§ MATERIAL SHOWN:
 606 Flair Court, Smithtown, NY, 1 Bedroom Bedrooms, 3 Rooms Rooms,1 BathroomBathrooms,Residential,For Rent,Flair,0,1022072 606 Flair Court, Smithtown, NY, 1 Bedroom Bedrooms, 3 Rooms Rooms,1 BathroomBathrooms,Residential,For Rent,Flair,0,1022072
---
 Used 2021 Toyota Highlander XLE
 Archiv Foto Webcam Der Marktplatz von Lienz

§ WORK TO BE COMPLETED:
The required output is every line above from the one with "Used 2021 Toyota Highlander XLE" down to the one with "Archiv Foto Webcam Der Marktplatz von Lienz", restated word for word, ends included.

§ ANSWER BOX:
 Used 2021 Toyota Highlander XLE
 Archiv Foto Webcam Der Marktplatz von Lienz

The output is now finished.